12. CNXK Poll Mode driver

The CNXK ETHDEV PMD (librte_net_cnxk) provides poll mode ethdev driver support for the inbuilt network device found in Marvell OCTEON CN9K/CN10K SoC family as well as for their virtual functions (VF) in SR-IOV context.

More information can be found at Marvell Official Website.

12.1. Features

Features of the CNXK Ethdev PMD are:

  • Packet type information
  • Promiscuous mode
  • Jumbo frames
  • Lock-free Tx queue
  • Multiple queues for TX and RX
  • Receiver Side Scaling (RSS)
  • MAC filtering
  • Generic flow API
  • Inner and Outer Checksum offload
  • Port hardware statistics
  • Link state information
  • Link flow control
  • MTU update
  • Scatter-Gather IO support
  • Vector Poll mode driver
  • Debug utilities - Context dump and error interrupt support
  • Support Rx interrupt
  • Inline IPsec processing support
  • Ingress meter support

12.2. Prerequisites

See Marvell cnxk platform guide for setup information.

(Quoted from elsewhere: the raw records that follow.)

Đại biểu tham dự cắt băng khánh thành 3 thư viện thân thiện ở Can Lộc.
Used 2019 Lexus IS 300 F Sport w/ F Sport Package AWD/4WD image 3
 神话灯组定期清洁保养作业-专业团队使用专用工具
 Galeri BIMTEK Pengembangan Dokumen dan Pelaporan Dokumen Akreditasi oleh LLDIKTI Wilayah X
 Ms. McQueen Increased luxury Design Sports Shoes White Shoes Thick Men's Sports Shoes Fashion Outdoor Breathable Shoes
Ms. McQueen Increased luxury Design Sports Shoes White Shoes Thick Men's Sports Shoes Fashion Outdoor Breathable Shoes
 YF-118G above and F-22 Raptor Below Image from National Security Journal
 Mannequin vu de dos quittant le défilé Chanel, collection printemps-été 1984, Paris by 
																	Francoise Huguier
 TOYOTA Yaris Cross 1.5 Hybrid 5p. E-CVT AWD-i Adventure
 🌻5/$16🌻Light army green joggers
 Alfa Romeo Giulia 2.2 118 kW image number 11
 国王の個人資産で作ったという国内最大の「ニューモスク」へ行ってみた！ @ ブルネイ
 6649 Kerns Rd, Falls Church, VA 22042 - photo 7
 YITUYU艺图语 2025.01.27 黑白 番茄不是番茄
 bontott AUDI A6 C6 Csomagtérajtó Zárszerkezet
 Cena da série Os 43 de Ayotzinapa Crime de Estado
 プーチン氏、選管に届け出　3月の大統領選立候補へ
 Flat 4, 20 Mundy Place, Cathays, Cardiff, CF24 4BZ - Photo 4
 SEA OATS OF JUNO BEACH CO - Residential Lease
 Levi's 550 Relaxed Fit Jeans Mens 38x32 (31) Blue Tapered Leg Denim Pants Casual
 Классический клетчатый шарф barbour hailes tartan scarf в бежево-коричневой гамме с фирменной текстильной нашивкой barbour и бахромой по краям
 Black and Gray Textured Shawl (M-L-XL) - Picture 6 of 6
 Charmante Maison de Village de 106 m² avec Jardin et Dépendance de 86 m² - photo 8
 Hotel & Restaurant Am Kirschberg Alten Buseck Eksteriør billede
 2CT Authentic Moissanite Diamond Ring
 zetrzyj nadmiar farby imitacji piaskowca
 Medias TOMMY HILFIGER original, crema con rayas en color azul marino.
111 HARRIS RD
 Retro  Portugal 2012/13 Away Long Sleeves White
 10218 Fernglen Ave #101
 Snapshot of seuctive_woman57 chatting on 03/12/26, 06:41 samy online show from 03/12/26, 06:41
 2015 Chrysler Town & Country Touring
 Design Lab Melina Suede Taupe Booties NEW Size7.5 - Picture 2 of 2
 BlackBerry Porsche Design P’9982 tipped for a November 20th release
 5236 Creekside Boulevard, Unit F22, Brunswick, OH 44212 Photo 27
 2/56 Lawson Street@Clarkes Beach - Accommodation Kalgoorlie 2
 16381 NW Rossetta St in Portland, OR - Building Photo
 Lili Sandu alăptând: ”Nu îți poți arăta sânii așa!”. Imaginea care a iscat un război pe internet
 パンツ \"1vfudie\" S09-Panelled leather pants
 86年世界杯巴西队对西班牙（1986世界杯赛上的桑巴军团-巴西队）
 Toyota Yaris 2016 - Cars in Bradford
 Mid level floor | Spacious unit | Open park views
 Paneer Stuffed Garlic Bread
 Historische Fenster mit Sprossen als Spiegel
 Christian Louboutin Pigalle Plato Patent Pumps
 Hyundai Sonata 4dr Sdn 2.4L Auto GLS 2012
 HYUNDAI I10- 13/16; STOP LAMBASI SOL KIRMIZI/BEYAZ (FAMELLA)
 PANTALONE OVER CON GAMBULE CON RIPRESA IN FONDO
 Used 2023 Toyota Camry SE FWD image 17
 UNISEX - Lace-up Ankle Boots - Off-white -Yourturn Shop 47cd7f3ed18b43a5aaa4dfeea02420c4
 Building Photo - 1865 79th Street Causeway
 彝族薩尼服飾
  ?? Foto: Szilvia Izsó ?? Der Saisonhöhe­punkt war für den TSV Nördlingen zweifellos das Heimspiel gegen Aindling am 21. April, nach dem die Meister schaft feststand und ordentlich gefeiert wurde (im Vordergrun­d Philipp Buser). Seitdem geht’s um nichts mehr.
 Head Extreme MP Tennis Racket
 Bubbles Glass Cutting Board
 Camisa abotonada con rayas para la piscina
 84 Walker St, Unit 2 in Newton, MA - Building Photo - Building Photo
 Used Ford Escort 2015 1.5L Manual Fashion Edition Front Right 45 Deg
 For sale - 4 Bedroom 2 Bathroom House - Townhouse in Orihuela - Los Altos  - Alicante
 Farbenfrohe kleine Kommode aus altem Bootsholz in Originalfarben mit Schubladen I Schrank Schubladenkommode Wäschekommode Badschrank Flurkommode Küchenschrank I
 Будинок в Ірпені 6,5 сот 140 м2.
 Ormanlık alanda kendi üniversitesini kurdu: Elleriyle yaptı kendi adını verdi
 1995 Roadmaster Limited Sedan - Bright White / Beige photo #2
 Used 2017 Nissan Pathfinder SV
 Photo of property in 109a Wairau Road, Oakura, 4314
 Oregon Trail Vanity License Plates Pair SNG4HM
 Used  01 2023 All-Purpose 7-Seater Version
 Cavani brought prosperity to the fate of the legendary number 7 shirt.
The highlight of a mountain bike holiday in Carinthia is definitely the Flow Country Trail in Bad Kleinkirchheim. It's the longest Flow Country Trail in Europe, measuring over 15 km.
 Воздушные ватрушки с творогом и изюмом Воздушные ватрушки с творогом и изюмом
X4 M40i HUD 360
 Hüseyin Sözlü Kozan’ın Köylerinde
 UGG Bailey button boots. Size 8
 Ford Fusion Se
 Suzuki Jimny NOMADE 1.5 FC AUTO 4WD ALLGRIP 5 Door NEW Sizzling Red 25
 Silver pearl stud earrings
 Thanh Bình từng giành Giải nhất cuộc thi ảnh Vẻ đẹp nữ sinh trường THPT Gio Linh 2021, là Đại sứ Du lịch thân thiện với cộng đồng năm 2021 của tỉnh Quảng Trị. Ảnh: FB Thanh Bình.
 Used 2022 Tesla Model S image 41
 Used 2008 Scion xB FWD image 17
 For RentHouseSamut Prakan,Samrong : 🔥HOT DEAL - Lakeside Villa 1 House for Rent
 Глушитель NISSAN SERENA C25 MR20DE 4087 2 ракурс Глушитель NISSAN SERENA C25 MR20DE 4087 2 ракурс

12.3. Driver compilation and testing

Refer to the document compiling and testing a PMD for a NIC for details.

  1. Running testpmd:

    Follow instructions available in the document compiling and testing a PMD for a NIC to run testpmd.

    Example output:

    ./<build_dir>/app/dpdk-testpmd -c 0xc -a 0002:02:00.0 -- --portmask=0x1 --nb-cores=1 --port-topology=loop --rxq=1 --txq=1
    EAL: Detected 4 lcore(s)
    EAL: Detected 1 NUMA nodes
    EAL: Multi-process socket /var/run/dpdk/rte/mp_socket
    EAL: Selected IOVA mode 'VA'
    EAL: No available hugepages reported in hugepages-16777216kB
    EAL: No available hugepages reported in hugepages-2048kB
    EAL: Probing VFIO support...
    EAL: VFIO support initialized
    EAL:   using IOMMU type 1 (Type 1)
    [ 2003.202721] vfio-pci 0002:02:00.0: vfio_cap_init: hiding cap 0x14@0x98
    EAL: Probe PCI driver: net_cn10k (177d:a063) device: 0002:02:00.0 (socket 0)
    PMD: RoC Model: cn10k
    EAL: No legacy callbacks, legacy socket not created
    testpmd: create a new mbuf pool <mb_pool_0>: n=155456, size=2176, socket=0
    testpmd: preferred mempool ops selected: cn10k_mempool_ops
    Configuring Port 0 (socket 0)
    PMD: Port 0: Link Up - speed 25000 Mbps - full-duplex
    Port 0: link state change event
    Port 0: 96:D4:99:72:A5:BF
    Checking link statuses...
    No commandline core given, start packet forwarding
    io packet forwarding - ports=1 - cores=1 - streams=1 - NUMA support enabled, MP allocation mode: native
    Logical Core 3 (socket 0) forwards packets on 1 streams:
      RX P=0/Q=0 (socket 0) -> TX P=0/Q=0 (socket 0) peer=02:00:00:00:00:00
      io packet forwarding packets/burst=32
      nb forwarding cores=1 - nb forwarding ports=1
      port 0: RX queue number: 1 Tx queue number: 1
        Rx offloads=0x0 Tx offloads=0x10000
        RX queue: 0
          RX desc=4096 - RX free threshold=0
          RX threshold registers: pthresh=0 hthresh=0  wthresh=0
          RX Offloads=0x0
        TX queue: 0
          TX desc=512 - TX free threshold=0
          TX threshold registers: pthresh=0 hthresh=0  wthresh=0
          TX offloads=0x0 - TX RS bit threshold=0
    Press enter to exit

12.4. Runtime Config Options

  • Rx&Tx scalar mode enable (default 0)

    PMD supports both scalar and vector mode, it may be selected at runtime using scalar_enable devargs parameter.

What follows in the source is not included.